- **Goal of the exercise**:
Output only this range of the data below: the line that contains "Sunnyvale Apartment: 884/886" through the final line, both ends included, each retyped exactly.

====

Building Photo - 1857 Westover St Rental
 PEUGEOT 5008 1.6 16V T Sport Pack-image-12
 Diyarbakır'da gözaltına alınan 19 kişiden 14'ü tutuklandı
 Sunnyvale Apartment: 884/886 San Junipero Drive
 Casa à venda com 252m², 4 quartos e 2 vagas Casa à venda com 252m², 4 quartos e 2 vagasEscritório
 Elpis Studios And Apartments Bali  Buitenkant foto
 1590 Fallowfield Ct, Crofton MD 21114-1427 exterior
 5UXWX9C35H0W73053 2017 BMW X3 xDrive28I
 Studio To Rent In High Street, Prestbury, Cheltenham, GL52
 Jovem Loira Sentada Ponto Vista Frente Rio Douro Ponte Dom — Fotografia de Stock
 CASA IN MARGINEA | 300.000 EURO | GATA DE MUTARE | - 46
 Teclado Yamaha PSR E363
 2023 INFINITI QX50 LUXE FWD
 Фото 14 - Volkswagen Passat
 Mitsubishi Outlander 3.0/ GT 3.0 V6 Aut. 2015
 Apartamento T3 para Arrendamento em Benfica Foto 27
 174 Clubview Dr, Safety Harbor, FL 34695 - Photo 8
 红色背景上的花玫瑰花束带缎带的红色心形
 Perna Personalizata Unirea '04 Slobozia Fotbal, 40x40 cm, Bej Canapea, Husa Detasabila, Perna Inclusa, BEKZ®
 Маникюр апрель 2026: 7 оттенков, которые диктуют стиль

====

- **Written solution**:
 Sunnyvale Apartment: 884/886 San Junipero Drive
 Casa à venda com 252m², 4 quartos e 2 vagas Casa à venda com 252m², 4 quartos e 2 vagasEscritório
 Elpis Studios And Apartments Bali  Buitenkant foto
 1590 Fallowfield Ct, Crofton MD 21114-1427 exterior
 5UXWX9C35H0W73053 2017 BMW X3 xDrive28I
 Studio To Rent In High Street, Prestbury, Cheltenham, GL52
 Jovem Loira Sentada Ponto Vista Frente Rio Douro Ponte Dom — Fotografia de Stock
 CASA IN MARGINEA | 300.000 EURO | GATA DE MUTARE | - 46
 Teclado Yamaha PSR E363
 2023 INFINITI QX50 LUXE FWD
 Фото 14 - Volkswagen Passat
 Mitsubishi Outlander 3.0/ GT 3.0 V6 Aut. 2015
 Apartamento T3 para Arrendamento em Benfica Foto 27
 174 Clubview Dr, Safety Harbor, FL 34695 - Photo 8
 红色背景上的花玫瑰花束带缎带的红色心形
 Perna Personalizata Unirea '04 Slobozia Fotbal, 40x40 cm, Bej Canapea, Husa Detasabila, Perna Inclusa, BEKZ®
 Маникюр апрель 2026: 7 оттенков, которые диктуют стиль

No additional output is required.